Hoi An

Known as Faifo, Hoi An was once a major trading port of Asia in the 16 and 17th centuries. Despite the ravages of times and war, the ancient town remains much the same as it was in its heyday. The small town boasts an outstanding example of the cultural fusion between Vietnam and the outside world. This is a place for every kind of traveler: a UNESCO World Heritage Site with exceptional well-preserved architectures, slow-paced way of life, sandy beaches, custom-made suits and tasty dishes. A walking tour is the best way to see its entire ancient town.

Hoi An
The Japanese Covered Bridge is the symbol of the town. It was built in the 16th century by the Japanese with a Buddhist temple built into the bridge’s northern side.  The bridge is free for crossing except a small fee is required if you call on the temple.
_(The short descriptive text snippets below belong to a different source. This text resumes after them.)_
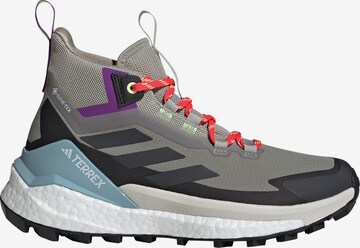 ADIDAS TERREX Outdoorschuh 'Free Hiker 2.0' in Grün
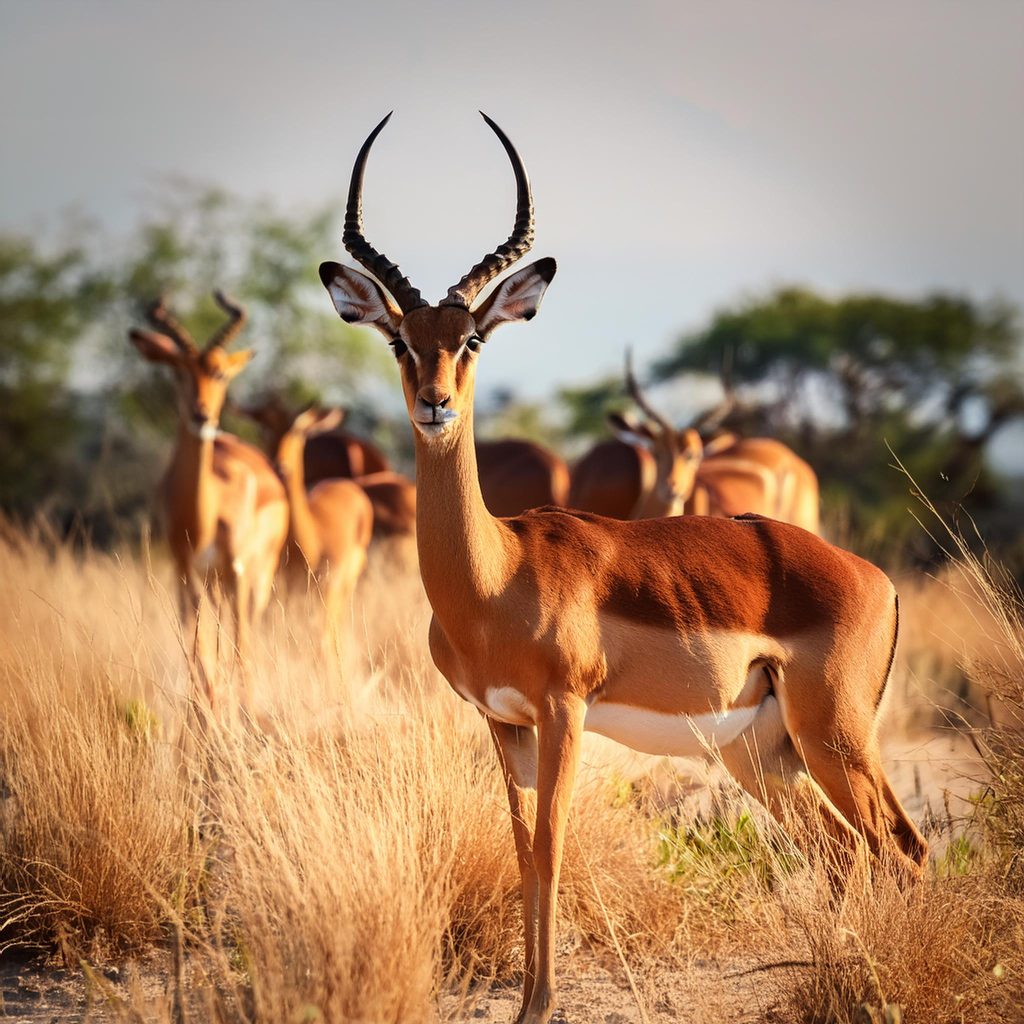 Botswana nature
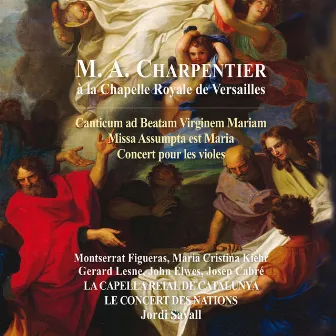 Charpentier à la chapelle royale de Versailles by Marc-Antoine Charpentier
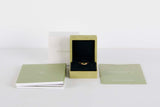 Vintage Alhambra Necklace - Yellow Gold - Onyx - 42 CM - B&P
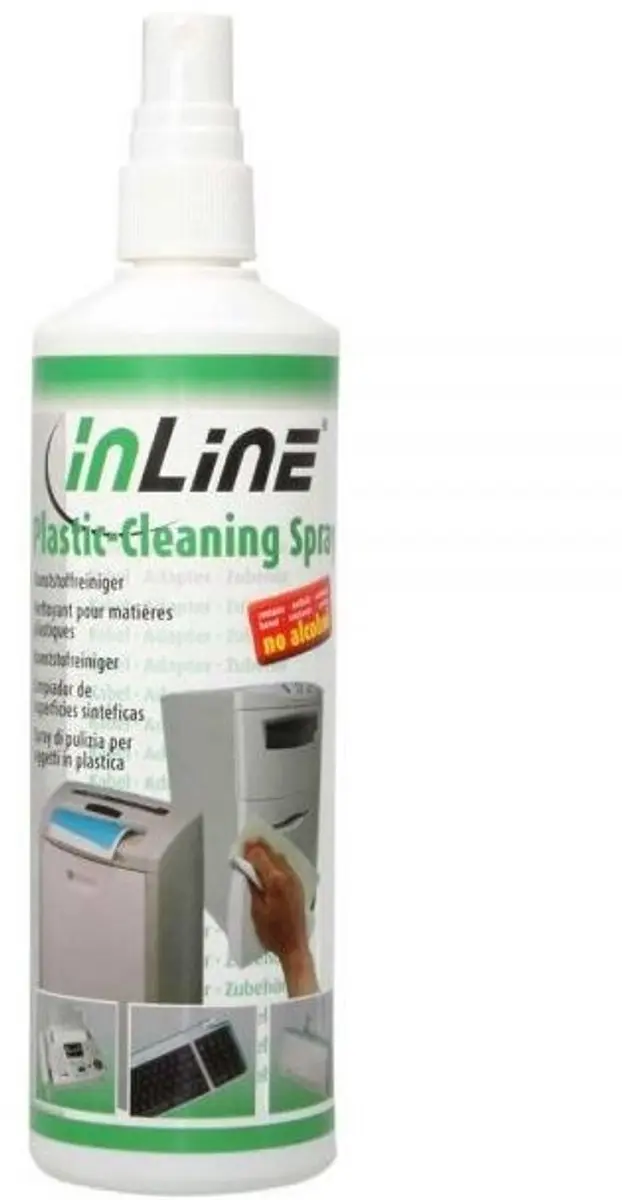 InLine Kunststof Reiniger 250ml
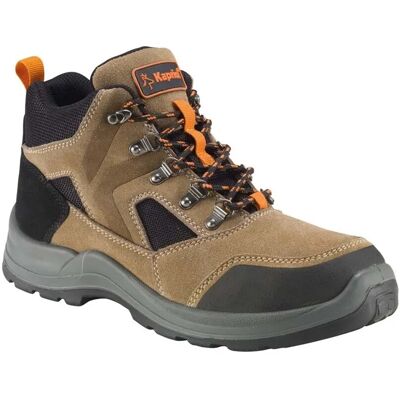 Kapriol Scarpa antinfortunistica alta Sioux marrone chiaro tg 42 Kapriol Scarpa antinfortunistica alta Sioux marrone chiaro tg 42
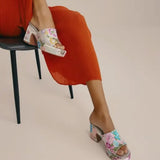 SUMMER FLORAL PLATFORMS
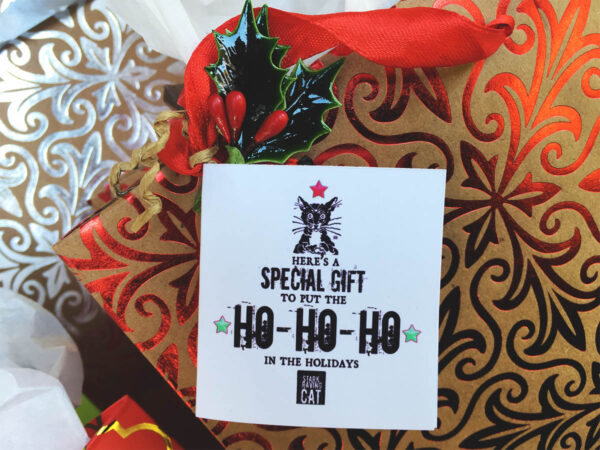 Gift Ho Ho Card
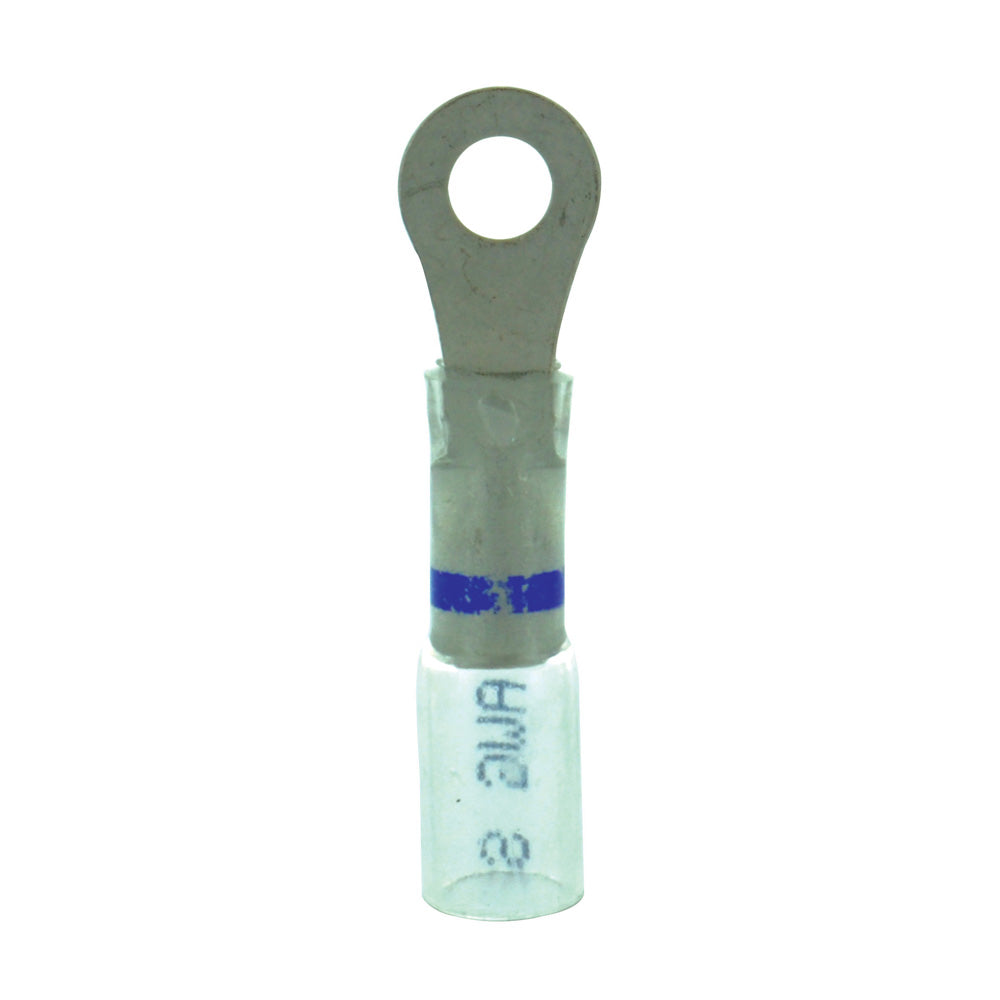 ELECTRICAL TERMINALS HEAT SEAL CRIMPS
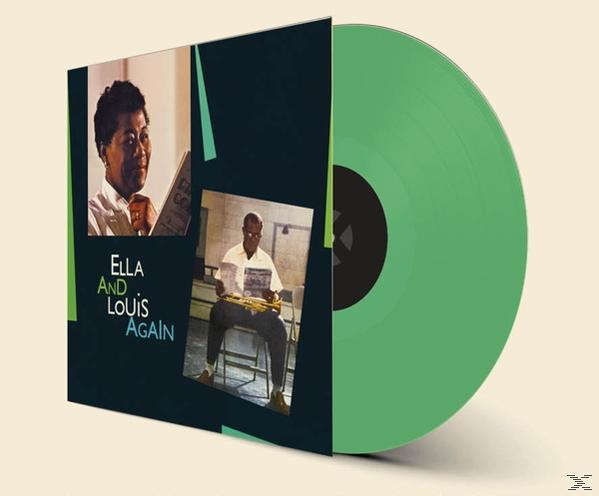 Louis Armstrong, Ella Fitzgerald And Ella - Again Louis (Vinyl) 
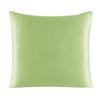 100% Pure Silk Pillowcase With Zipper Cushion Pillow Cover Solid Multicolor Many Sizes 40x40cm 80x80cm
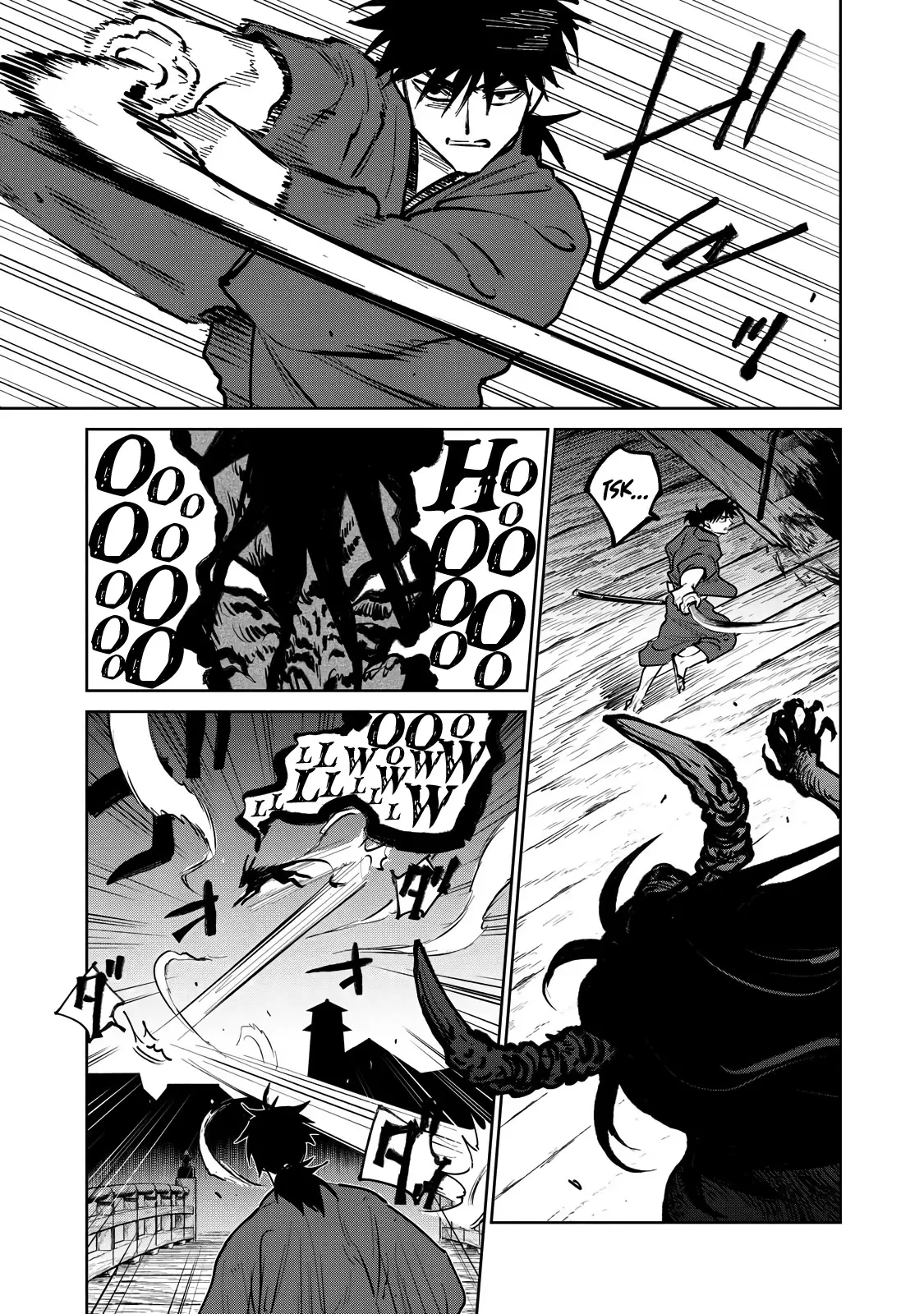 Sword of the Demon Hunter Kijin Gentoushou, chapter 16, page 11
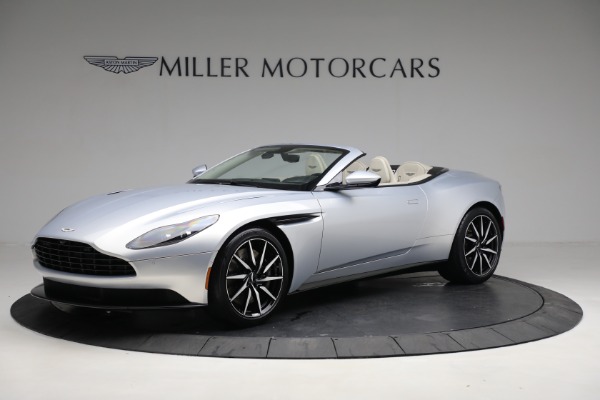 Used 2019 Aston Martin DB11 Volante for sale Sold at Rolls-Royce Motor Cars Greenwich in Greenwich CT 06830 1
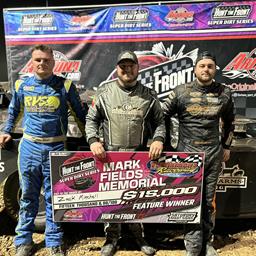 Thunderhill Raceway Park (Summertown, TN) – Hunt the Front Super Dirt Series – Mark Fields Memorial – September 20th-21st, 2024. (Jack Cofer Photo)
There are many old houses and Tan Ky House is not the oldest yet one of the best preserved one through seven generations. The dark timber facade, quaint doorway and inner courtyard are typical of Chinese-Fukien design. Inside, decorations include Chinese characters inlaid with mother-of-pearl.

In a town full of historical and architectural landmarks, Fujian Assembly Hall is not to be missed. Once a gathering place for Chinese merchants, today it serves as one of the city’s largest and most ornate temples.

Hoi An has some museums highlighting the region’s history, including Museum of Sa Huynh culture with a collection of artifacts from the Sa Huynh culture dating to over 2,000 years ago. Next, the Museum of trade ceramics was established in 1995 in a wooden house.

If you want to discover the rural life, travel out the old town to traditional villages, in which Kim Bong woodworking village for its carpentry and traditional woodcarving products. The village craftsmen contributed their skills to many different architectural structures, including Hue Imperial capital. Just a couple of kilometers Northeastern Hoi An, Tra Que herb village is renowned for growing many kinds of vegetables and herbs.  A tour to Tra Que often involves in watching and joining some farming activities, learning to cook some simple dishes.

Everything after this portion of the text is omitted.